Campa Cola Society row: SC stays demolition after taking notice of media reports.
New Delhi/Mumbai – The Supreme Court on Wednesday stayed further demolition of illegal flats in the Campa Cola Compound in South Mumbai’s posh Worli area, after taking notice of several media reports.
The apex court ordered officials of the Brihanmumbai Municipal Corporation (BMC) not to go ahead with the demolition till May 31, 2014.
Earlier, officials of the BMC had resumed demolition of illegal flats amid strong protests from hundreds of residents, who are trying hard to save their homes.
The BMC demolition squad broke the main gate of the Campa Cola compound and entered the area to carry out the eviction notice and demolition work amidst a strong police presence.
Residents were completely distraught, raging in anger and pleading for help, when the apex court’s stay order came as much needed relief.

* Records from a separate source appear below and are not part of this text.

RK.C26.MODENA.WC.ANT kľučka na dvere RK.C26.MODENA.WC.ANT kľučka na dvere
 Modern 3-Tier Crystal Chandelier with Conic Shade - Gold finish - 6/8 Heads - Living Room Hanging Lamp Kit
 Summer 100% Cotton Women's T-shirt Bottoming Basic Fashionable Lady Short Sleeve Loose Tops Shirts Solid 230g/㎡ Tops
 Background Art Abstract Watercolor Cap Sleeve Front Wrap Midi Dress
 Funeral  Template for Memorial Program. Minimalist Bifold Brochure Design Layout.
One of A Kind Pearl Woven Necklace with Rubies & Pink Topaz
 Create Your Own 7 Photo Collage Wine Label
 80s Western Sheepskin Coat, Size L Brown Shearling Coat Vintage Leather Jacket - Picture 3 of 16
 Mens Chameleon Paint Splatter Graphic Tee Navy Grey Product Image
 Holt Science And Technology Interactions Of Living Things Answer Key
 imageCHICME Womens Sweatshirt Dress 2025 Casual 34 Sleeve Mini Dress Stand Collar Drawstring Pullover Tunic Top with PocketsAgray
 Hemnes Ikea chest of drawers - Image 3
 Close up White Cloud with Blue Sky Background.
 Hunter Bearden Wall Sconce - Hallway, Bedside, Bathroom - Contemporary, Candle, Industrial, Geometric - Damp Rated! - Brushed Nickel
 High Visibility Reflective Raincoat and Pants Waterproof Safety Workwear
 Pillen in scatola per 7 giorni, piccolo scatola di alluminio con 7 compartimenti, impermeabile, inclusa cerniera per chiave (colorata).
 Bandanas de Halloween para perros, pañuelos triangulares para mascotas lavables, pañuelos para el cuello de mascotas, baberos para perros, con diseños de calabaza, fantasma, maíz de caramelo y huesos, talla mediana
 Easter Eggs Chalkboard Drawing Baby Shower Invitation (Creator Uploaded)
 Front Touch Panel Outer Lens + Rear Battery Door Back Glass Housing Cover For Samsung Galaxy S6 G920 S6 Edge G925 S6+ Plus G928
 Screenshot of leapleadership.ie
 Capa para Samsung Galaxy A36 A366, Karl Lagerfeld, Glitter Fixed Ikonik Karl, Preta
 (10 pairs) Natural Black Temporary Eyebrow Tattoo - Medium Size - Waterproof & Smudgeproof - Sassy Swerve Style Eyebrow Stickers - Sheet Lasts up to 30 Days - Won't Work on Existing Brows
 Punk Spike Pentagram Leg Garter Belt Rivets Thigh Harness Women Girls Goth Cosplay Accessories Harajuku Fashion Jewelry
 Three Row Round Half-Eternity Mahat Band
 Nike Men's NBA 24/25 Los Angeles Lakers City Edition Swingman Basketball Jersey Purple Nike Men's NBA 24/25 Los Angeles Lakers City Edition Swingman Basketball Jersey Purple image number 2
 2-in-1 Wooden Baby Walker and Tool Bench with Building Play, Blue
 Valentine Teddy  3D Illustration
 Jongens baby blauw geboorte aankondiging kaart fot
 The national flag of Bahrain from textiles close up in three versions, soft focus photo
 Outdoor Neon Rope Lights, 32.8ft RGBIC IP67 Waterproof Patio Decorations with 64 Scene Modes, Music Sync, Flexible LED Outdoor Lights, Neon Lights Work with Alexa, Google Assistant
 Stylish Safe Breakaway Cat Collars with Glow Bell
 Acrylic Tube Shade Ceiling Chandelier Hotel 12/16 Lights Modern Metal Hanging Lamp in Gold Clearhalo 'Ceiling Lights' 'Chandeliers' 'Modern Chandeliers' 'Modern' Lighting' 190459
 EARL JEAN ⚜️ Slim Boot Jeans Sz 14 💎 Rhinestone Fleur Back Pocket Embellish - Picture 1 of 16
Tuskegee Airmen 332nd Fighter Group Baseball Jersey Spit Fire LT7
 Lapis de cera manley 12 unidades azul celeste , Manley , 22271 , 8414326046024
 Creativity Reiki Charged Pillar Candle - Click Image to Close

“This is a democratic country, there has to be a solution,what wrong have we done?,” asked a resident.
With the pressure increasing on the state administration, Chief Minister Prithviraj Chavan sought legal help from the attorney general on whether an ordinance, or an executive order can save the homes.
“The state government was seeking the view of legal experts to provide possible relief to residents of Campa Cola housing society in Mumbai who are facing eviction and demolition of illegal floors,” Chavan told media here yesterday.
Residents of the Campa Cola Society on Tuesday locked the gates of the compound to prevent BMC officials from beginning the process of demolishing over 90 illegal flats.
The residents have refused to move out of the compound even as the deadline given by the Supreme Court to vacate the flats has ended.
On October 1, the apex court had ordered the residents to vacate their houses by November 11.
The BMC had issued eviction notices to residents of illegal floors under Section 488 of the Mumbai Municipal Corporation Act last week, and warned them not to obstruct civic staff during the demolition drive.
Seven high-rises were constructed at the Campa Cola Compound between 1981 and 1989. The builders had permission for only six floors, but constructed several more.
The BMC decided to bring down 35 illegal floors in the seven high-rises in the compound after the Supreme Court refused to regularise them.